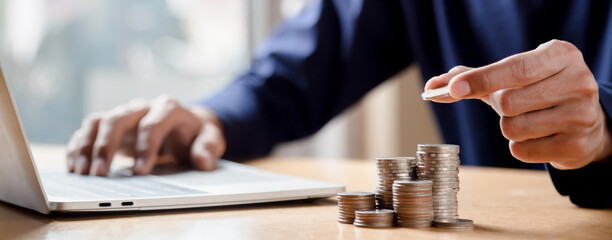 Man hands putting coins stack, Concept business finance saving money and investment.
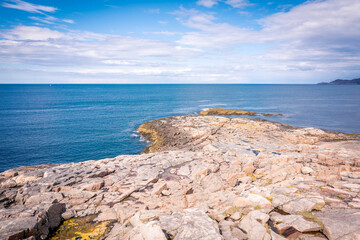 Fototapeta premium Summer tundra. Rocky coastline of Barents Sea near Teriberka, panoramic aerial view. Scenery of Russian North. Kola Peninsula, Murmansk Oblast, Russia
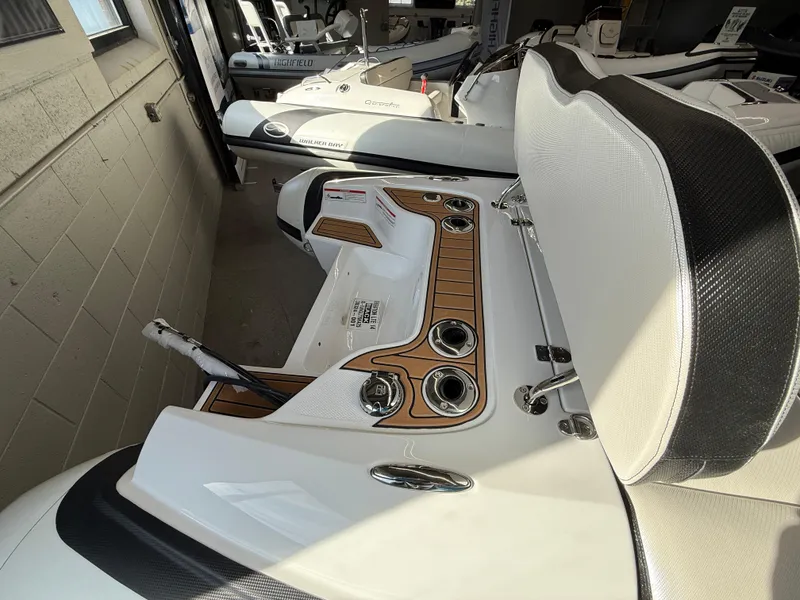 Slide: The Image of 2025 Walker Bay Generation 14 LTE boat interior with seating and control panel. - 5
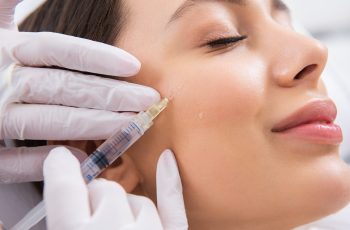 Profissional com luvas segurando uma seringa e aplicando ácido hialurônico no rosto de uma paciente, semelhante ao tratamento da clínica Teresa Noviello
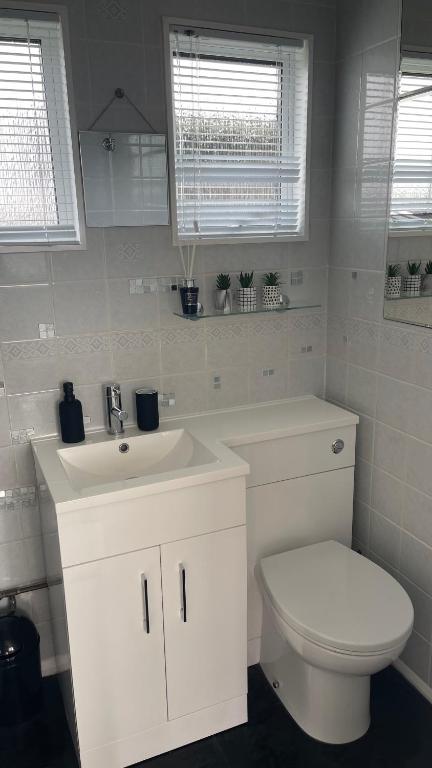 a white bathroom with a toilet and a sink at 25. Valencia in Selsey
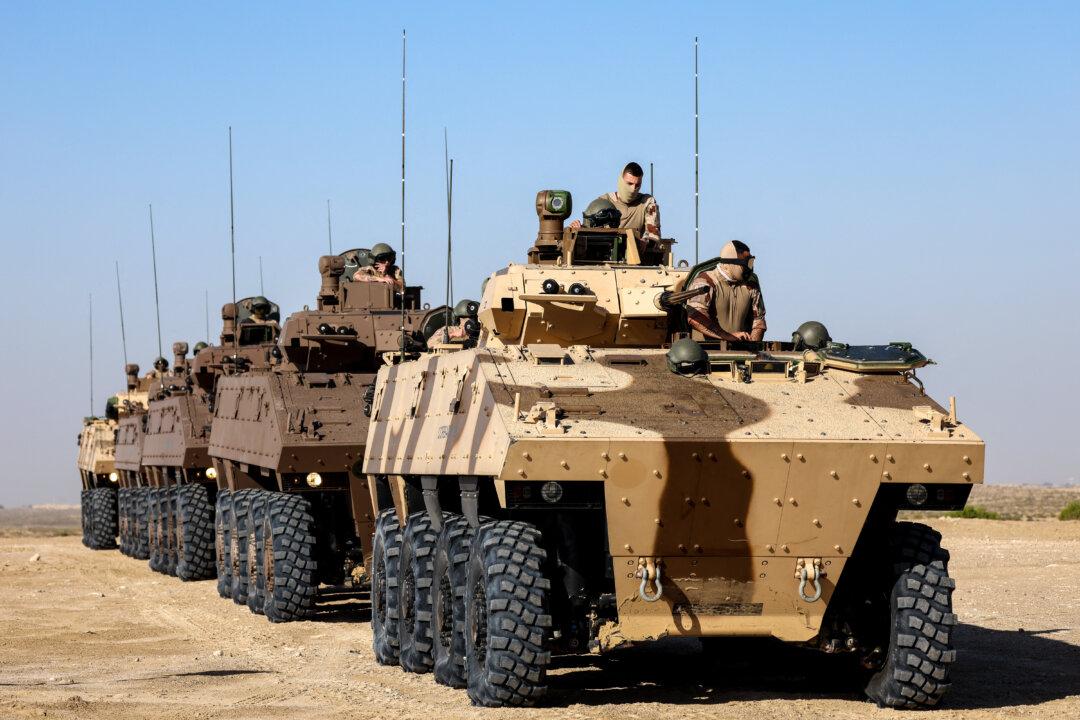 Day in Photos: French Troops in UAE, Protests in Bolivia, and Blue House in Seoul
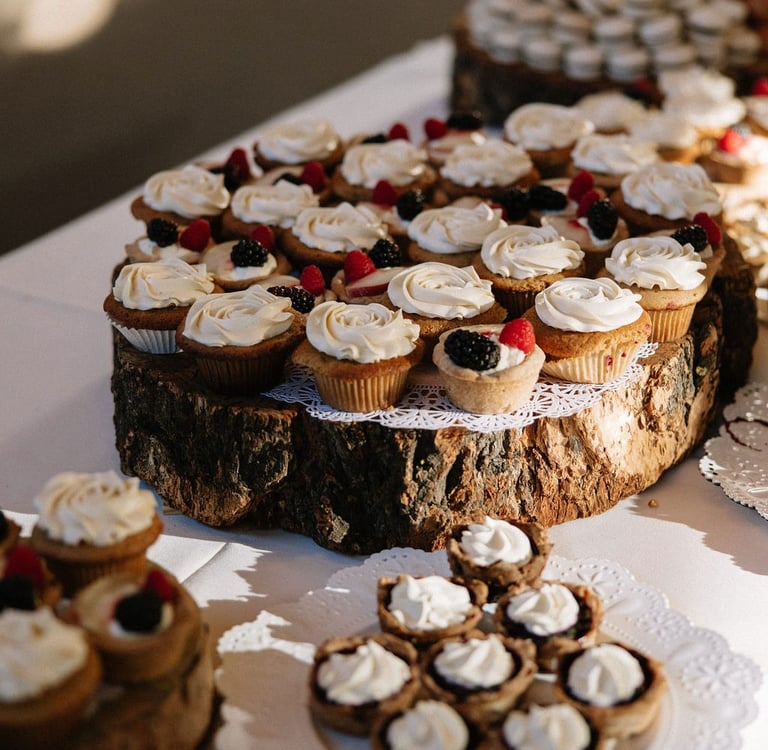 Selection of cupcakes shown as part of a rustic dessert bar in Bozeman Montana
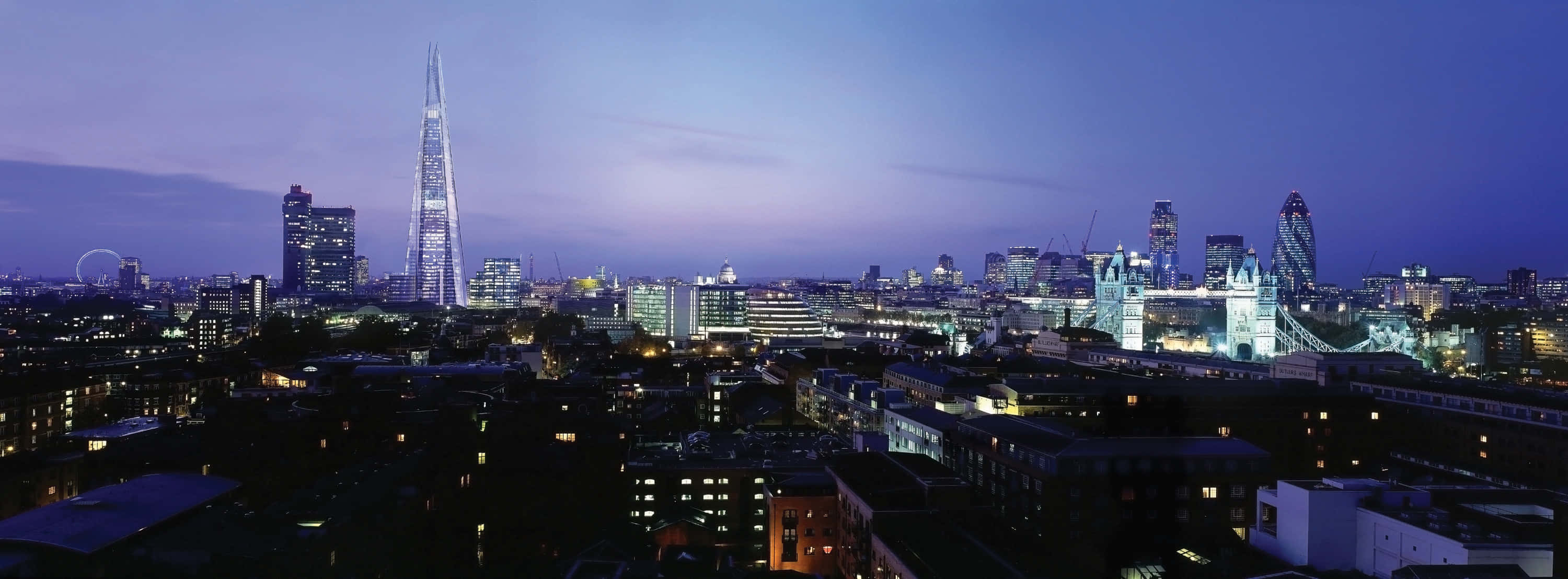 City At Night 桌布 壁紙 — 黃昏時分的倫敦天際線，在深紫色天空下，閃爍的摩天大樓和塔橋熠熠生輝。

**What you have to do**. Everything from the line with "Fototapeta premium Summer" down to the line with "Slide: The Image" in the data above should be copied exactly, with both end lines kept and the pictures left out.

**Response to this exercise**.
 Fototapeta premium Summer tundra. Rocky coastline of Barents Sea near Teriberka, panoramic aerial view. Scenery of Russian North. Kola Peninsula, Murmansk Oblast, Russia
 Slide: The Image of 2025 Walker Bay Generation 14 LTE boat interior with seating and control panel. - 5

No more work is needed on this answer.